Yiğit ölünce yiğitlik ölür mü?

Yahudi, Yahudilik ve Siyonizm Ansiklopedisi’ni kaleme alan el-Mesiri, benim yaklaşık olarak “küresel değersizleştirme” diye tercüme ettiğim, insanın varoluşunu anlamlı kılan tüm bağlardan arındırıp (kutsaldan koparma) basit bir “doğa objesi” konumuna indirgenmesini, insanın “amaçsızlaştırılması, gaye, ilke ve hedeften yoksun bırakılması” olarak niteliyordu.

Bu tür bireylerden oluşan bir “teknoloji toplumu” (el-müctemau’t-teknoloci/ technologial society) amaçlayanların hedefinin “insan” değil “sayborg” yetiştirmek olduğunu dile getiren el-Mesiri, bu tür bir toplum için rehberlik eden akademik çevreleri de “teknokrat” olarak tanımlıyor ve onlar için şu tespitte bulunuyordu: “Teknokrat insan tipi, sınırı belirlenmiş dar bir alanda uzmanlaşmıştır; alanının dışındaki alemi kavramaktan acizdir.

Tüm dikkatini uzman olduğu alanda tikeller üzerinde yoğunlaştırdığı için onların bağlı olduğu tümelleri kavramaktan fersah fersah uzaktır… Bu nedenle de, bu tip toplumsal değişimi aklına dahi getirmez; çünkü gerçek bir değişim, kapsamlı bir bakış ister. Özetle teknokrat, statükocu ve donuk bir tiptir.” (1/241)

Kant’ın “eleştirel aklının” yanında durup “enstrümental aklı” eleştiren el-Mesiri, Descartes ve onun devamı gördüğü Frankfurt Okulu’nu, Yunan mitoloji kahramanları “ilyada ve Odissea”dan yola çıkarak “insan-tabiat” ilişkisini “uyum” değil “çatışmaya” dayandırdıkları için “insanın insanlığını heder etmek”le suçlar. Bu yaklaşımın, tabiat “bütününden”, insan “parçasının” koparılıp ayrılması olduğunu, bunun da “insan hürriyetinin ve tabiat emanetinin intiharıyla” sonuçlanacağını, çünkü her ikisinin de anlam ve kutsiyyetini yitireceğini dile getirir. (1/243)
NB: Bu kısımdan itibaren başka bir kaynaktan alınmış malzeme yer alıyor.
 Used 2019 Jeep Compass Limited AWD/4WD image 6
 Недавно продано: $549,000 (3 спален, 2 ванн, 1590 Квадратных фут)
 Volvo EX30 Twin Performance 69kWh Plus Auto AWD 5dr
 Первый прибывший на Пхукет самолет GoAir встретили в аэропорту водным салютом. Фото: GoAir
El-Mesiri, bütün bu insanı insanlığından ve mutluluğundan uzaklaştıran “izm” ve “ideolojileri” hep getirip sekülerleşmeye ve dünyevileştirmeye bağlar. Çünkü el-Mesiri sekülarizm ve laisizmi, tam bir “Yahudilik” olarak tanımlar. Bu nedenle, modern zamanların, bir tür “küresel Yahudileşme” zamanları olduğunu ima eder ve “modern sapmanın” kurucu öznelerinin gerek biyolojik, gerek düşünsel ve duygusal açıdan “Yahudilik” ve “Yahudilerle” olan ilgisini ortaya koymaya çalışır.
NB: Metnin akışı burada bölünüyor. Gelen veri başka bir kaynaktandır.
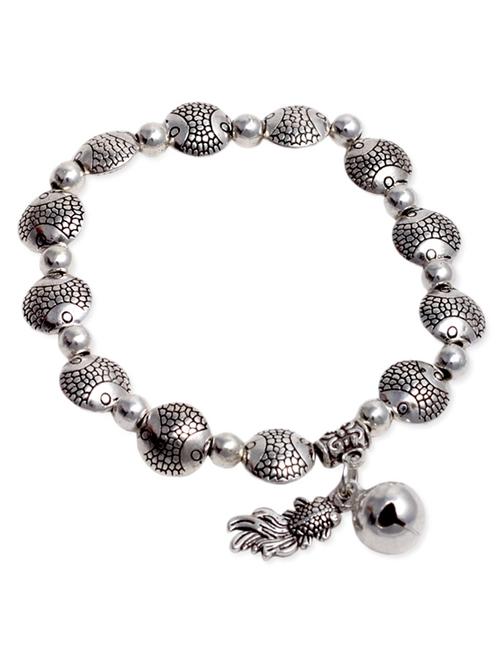 etched shell pattern silver metallic bracelet - 1039601 - Very Small Image - 1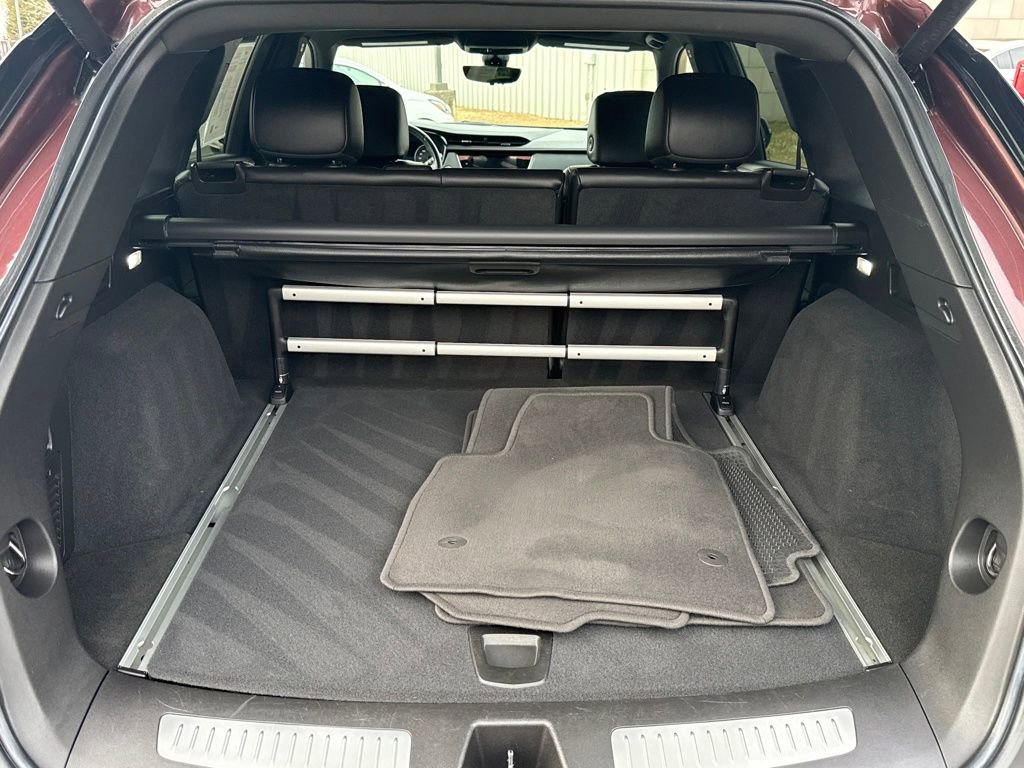 Certified 2022 Cadillac XT5 Premium Luxury w/ Technology Package image 17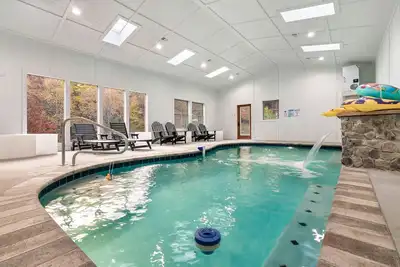 Image de Secluded Cabin with private indoor heated saltwater pool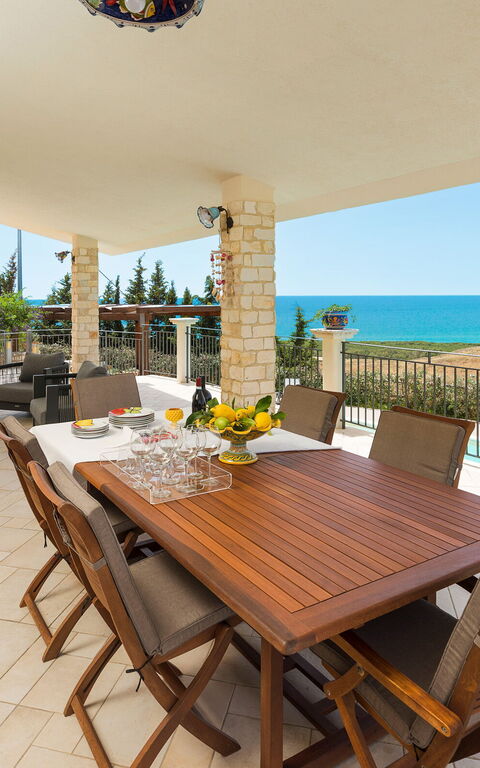 Villa Anthea: Buitenkanten, Keer bekeken, zwembad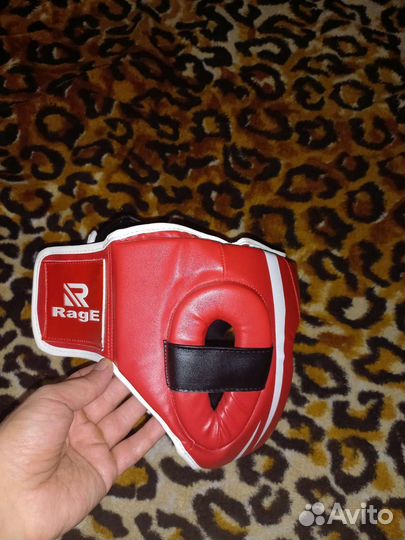 Боксерские перчатки и шлем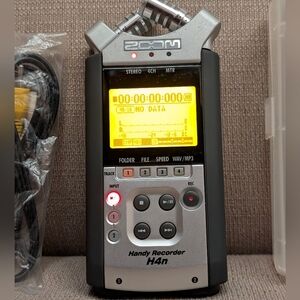 ZOOM H4N Handy Audio Recorder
El-Mesiri’yi, 25 yıl gibi hiç de küçümsenmeyecek bir süreyi, üniversite hocalığını bırakıp bu işe verdiren itici gücün “akademik tecessüs” olması elbette düşünülemez. Bu gücün ne olduğunu, eserine yazdığı “ithaf”ı okuyunca siz de göreceksiniz:

“Bir sabah arkadaşım, yeni şehid olmuş bir Filistinlinin taziyesine gideceğimizi söyledi. O, öz toprağına girmek için dikenli telleri aşmaya çalışırken kurşunlanmıştı. Şehidin evi, Amman’ın tepelerinden birinin üzerindeydi… Eve girdiğimde ne bir ağıt sesi duydum, ne de hüzünden eser gördüm. Aksine, onlar tatlı ikram edip tebrikleri “Bir dahaki sefere inşallah Filistin’de” diyerek kabul ediyorlardı. Oradaki herkes fedakarlıktan, kurban olmaktan söz ediyorlardı. Meclisimize Şehid İzzeddin Kassam’ın mücadelesine katılmış bir ihtiyar geldi ve dedi ki: “Biz, bizim sahip olduğumuz silahların eski Osmanlı çalaralmazları olduğunu biliyorduk. Bunun için de, her ne zaman Siyonistlerle ve onların destekçisi İngilizlerle çatışmaya girsek, bizi gelişmiş silahlarından çıkan kurşunlarla biçiyorlardı; tıpkı bu evin yeni kaybettiğimiz yavrusu gibi. Bununla beraber biz her gece köyümüzden çıkıp işgal edilmiş topraklarda geziniyorduk.” “Niçin?” diye sordum. Kısa bir sükutun ardından dudakları hareket etti bu Filistin dağı gibi duran ihtiyarın:

“Topraklarımızı unutmamak için, direnişi unutmamak için…”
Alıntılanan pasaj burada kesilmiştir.